= WHAT IS BEING ASKED =
Transcribe the line holding "CoreParts Baterija za" together with every line after it, through the end of the records, exactly and with no pictures.

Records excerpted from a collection

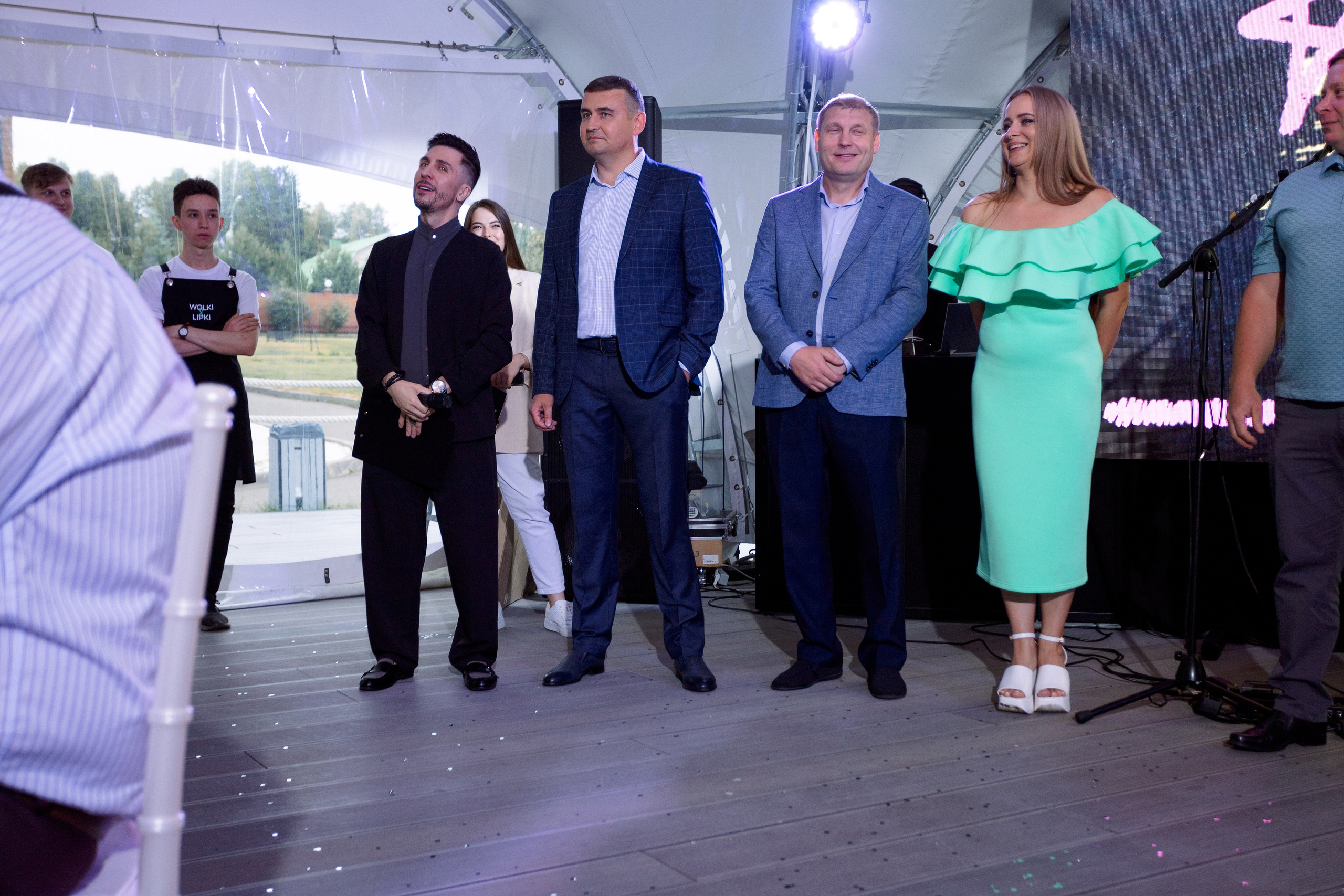 ВЫПУСКНОЙ: Волки-Липки. Все фото. Профессиональный фотограф в Ижевске Леша Петров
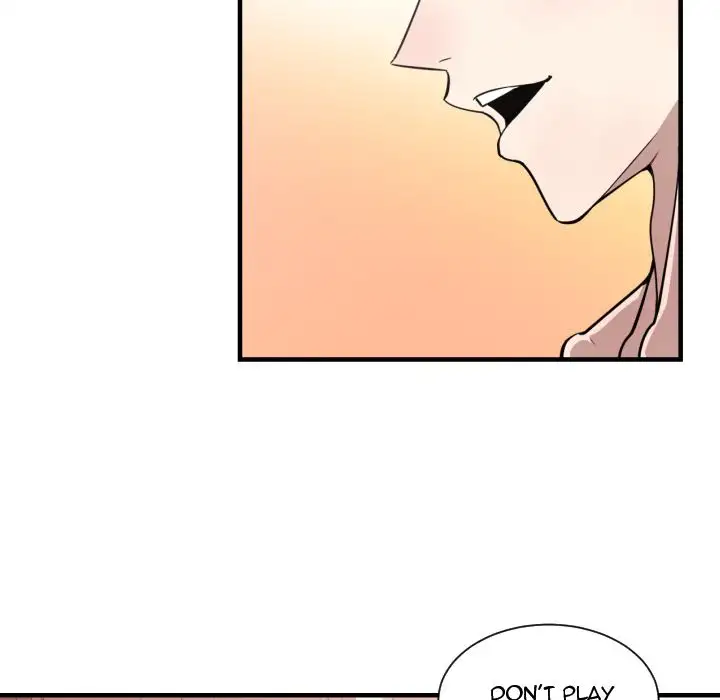You are not that Special! chapter 14 page 77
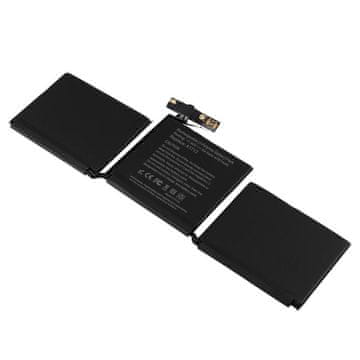 CoreParts Baterija za Apple laptop 52.00Wh 6 Cell Li-Pol 11.1V 4700mAh
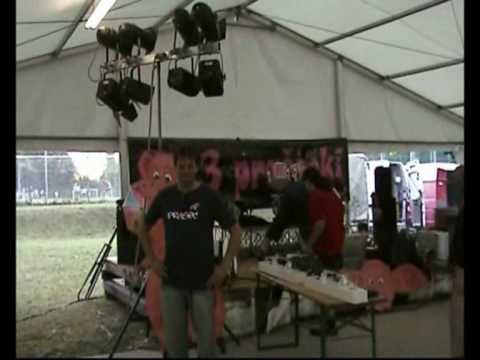 Fast Food Folk Song Martinova Polka 3 prasicki-3 porcellini  Pulfero - Udine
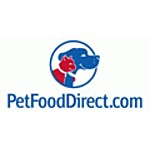 Pet Food Direct Coupon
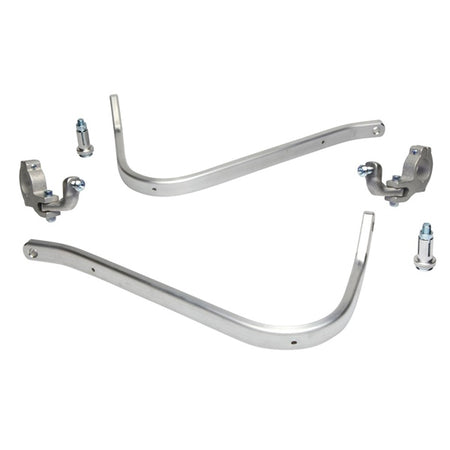 Barkbusters Hardware KIT 2 Point Mount Tapered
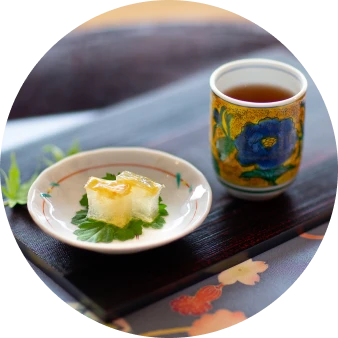 画像：色浴衣レンタル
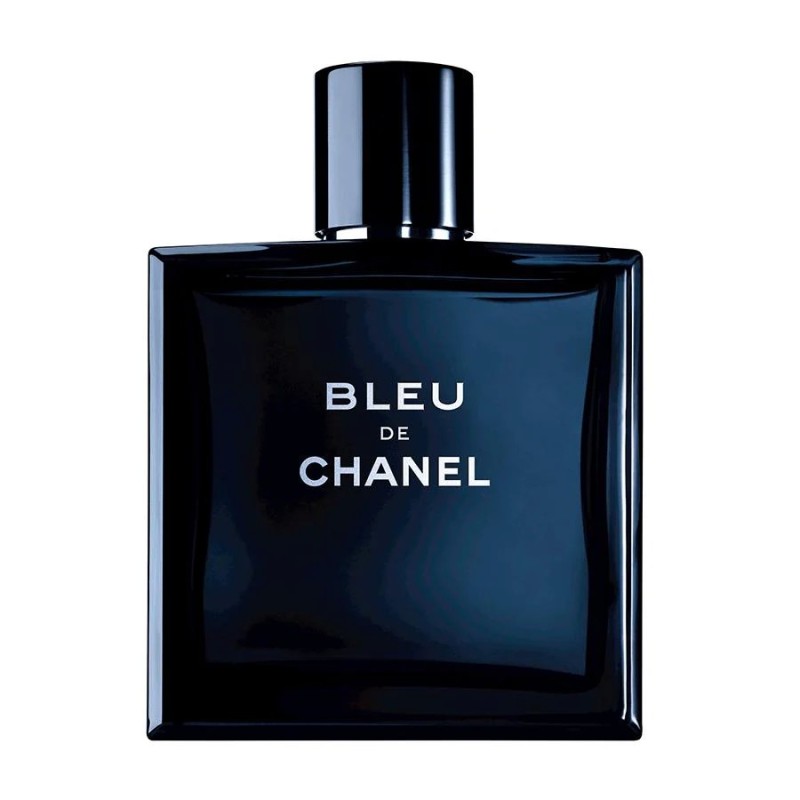 Chanel De Bleu PARFUM 100ml HIM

= YOUR RESPONSE =
 CoreParts Baterija za Apple laptop 52.00Wh 6 Cell Li-Pol 11.1V 4700mAh
 Fast Food Folk Song Martinova Polka 3 prasicki-3 porcellini  Pulfero - Udine
 Pet Food Direct Coupon
 Barkbusters Hardware KIT 2 Point Mount Tapered
 画像：色浴衣レンタル
 Chanel De Bleu PARFUM 100ml HIM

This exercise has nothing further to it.